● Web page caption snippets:
++++++++++++++++++++

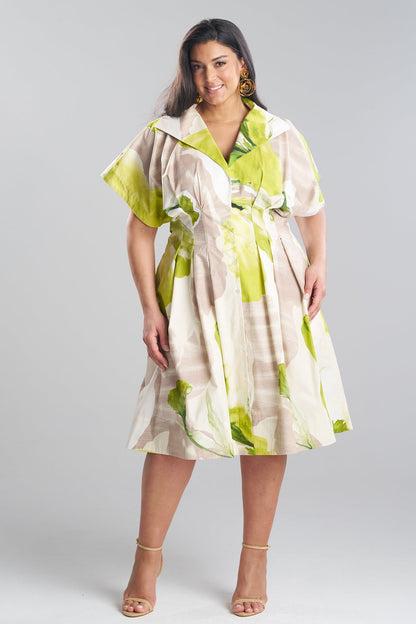 Orchid Cotton Poplin Pleat Release Button Down Shirtdress Chartreuse Natori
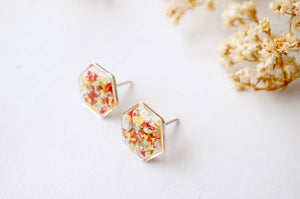 Real Dried Flowers and Resin Stud Earrings, Gold Hexagon in Red Yellow and Mint mix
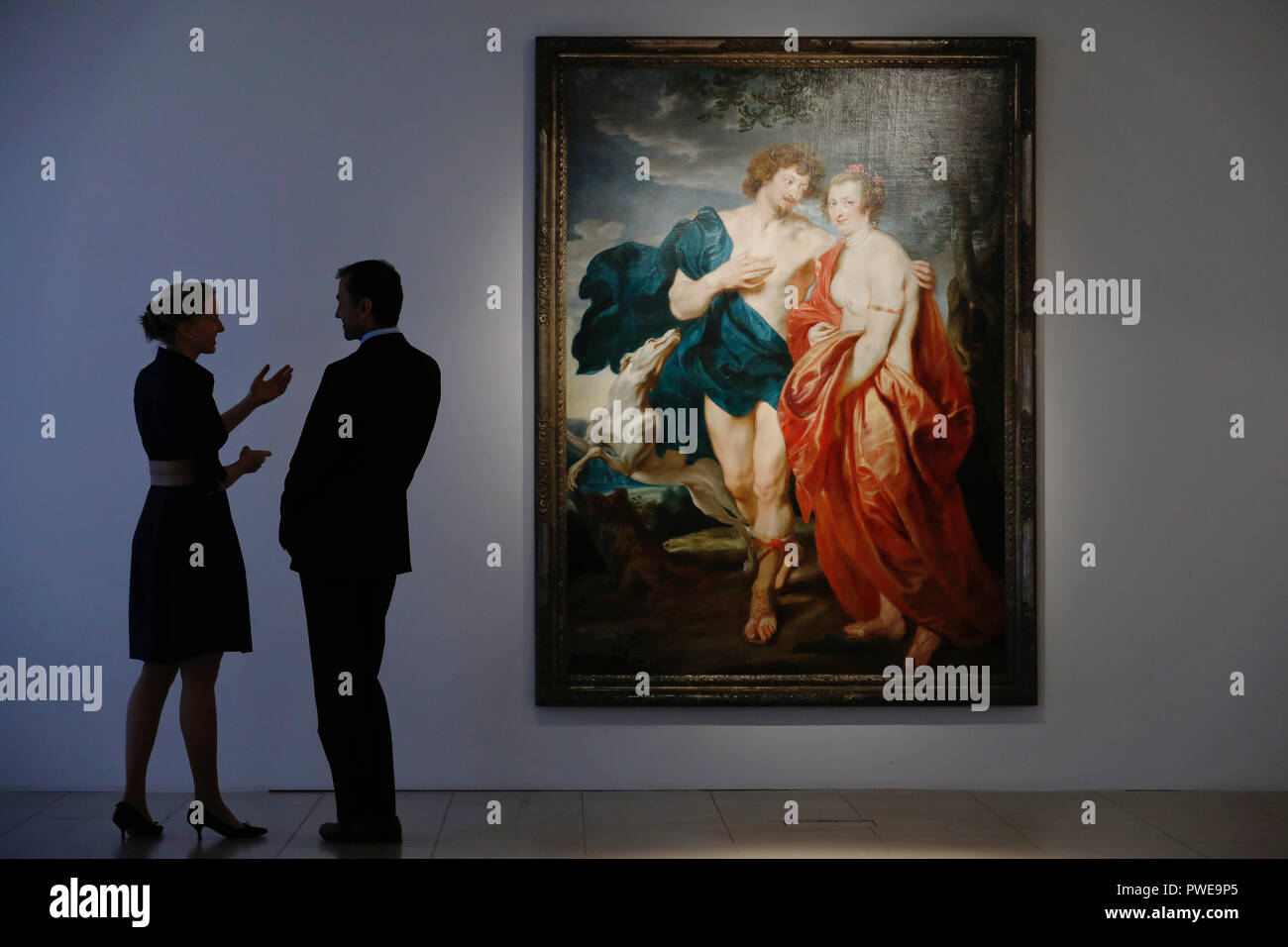 London, UK, 16th Oct 2018. Christie's employees discuss Dutch master Anthony Van Dyck 's work 'Venus and Adonis' at Christie's AuctionHouse in London, UK, Tuesday October 16, 2017. The piece is expected to achieve up to £3.5million when is comes to auction as part of the Albada Jelgersma Collection sale during Christie's Classic Week in December. Photograph : Credit: Luke MacGregor/Alamy Live News Stock Photo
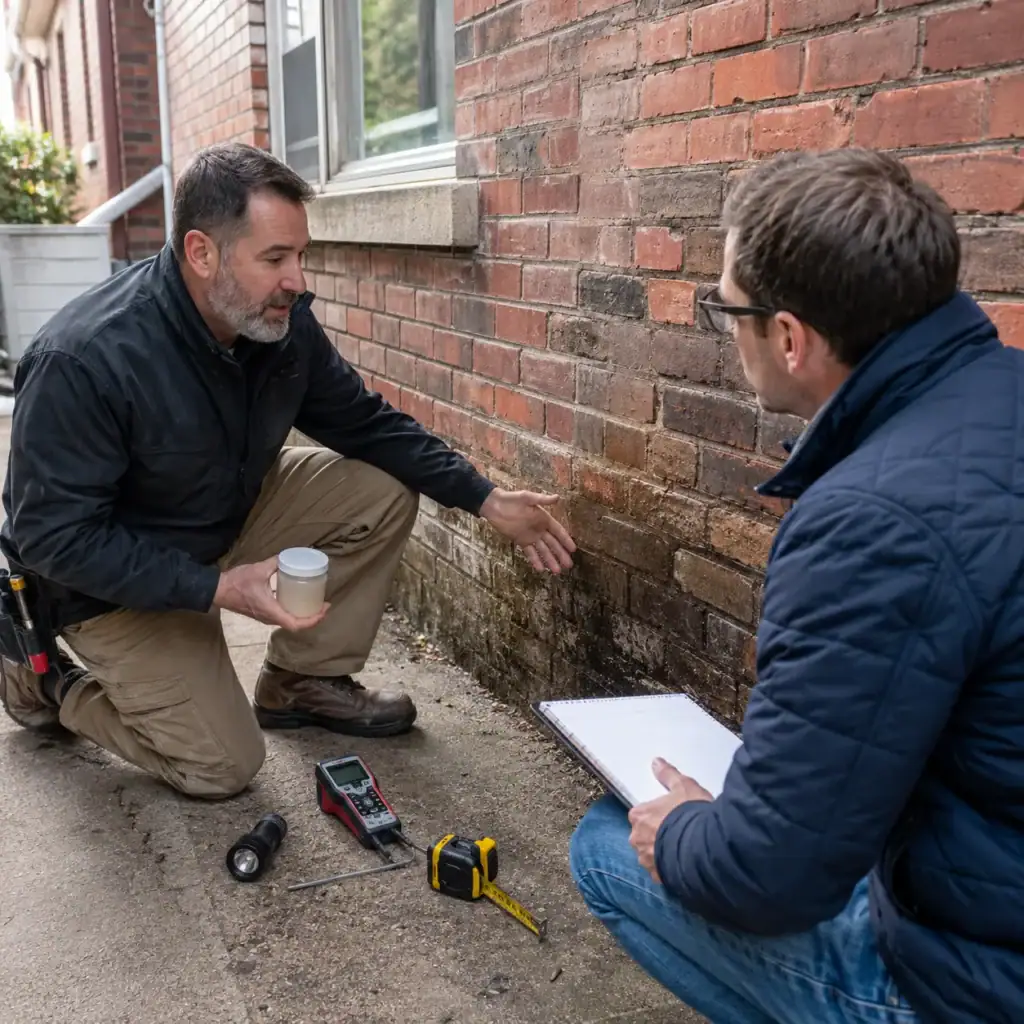 Masonry contractor reviewing sealing and moisture repair options with a homeowner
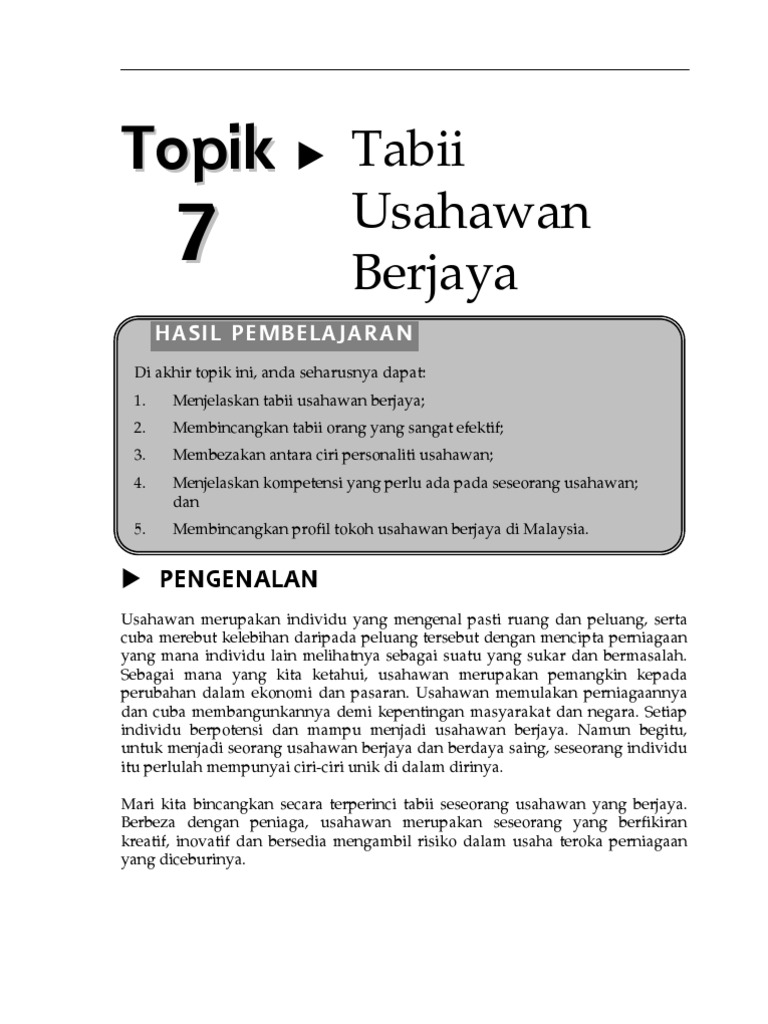HBLS1203 - Topik 7 | PDF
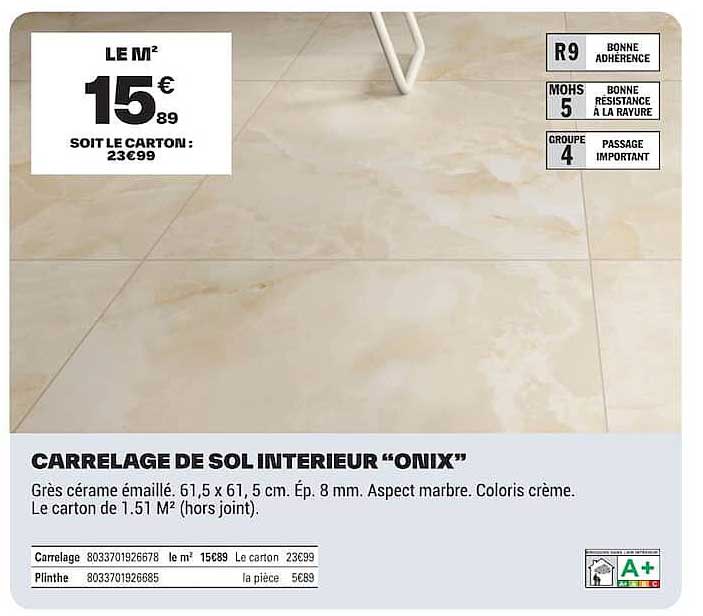 CARRELAGE DE SOL INTERIEUR “ONIX”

++++++++++++++++++++

● DESCRIPTION OF THE TASK: With the images omitted, repeat all the data word for word.

● RESULT OF THE TASK:
 Orchid Cotton Poplin Pleat Release Button Down Shirtdress Chartreuse Natori
 Real Dried Flowers and Resin Stud Earrings, Gold Hexagon in Red Yellow and Mint mix
 London, UK, 16th Oct 2018. Christie's employees discuss Dutch master Anthony Van Dyck 's work 'Venus and Adonis' at Christie's AuctionHouse in London, UK, Tuesday October 16, 2017. The piece is expected to achieve up to £3.5million when is comes to auction as part of the Albada Jelgersma Collection sale during Christie's Classic Week in December. Photograph : Credit: Luke MacGregor/Alamy Live News Stock Photo
 Masonry contractor reviewing sealing and moisture repair options with a homeowner
HBLS1203 - Topik 7 | PDF
 CARRELAGE DE SOL INTERIEUR “ONIX”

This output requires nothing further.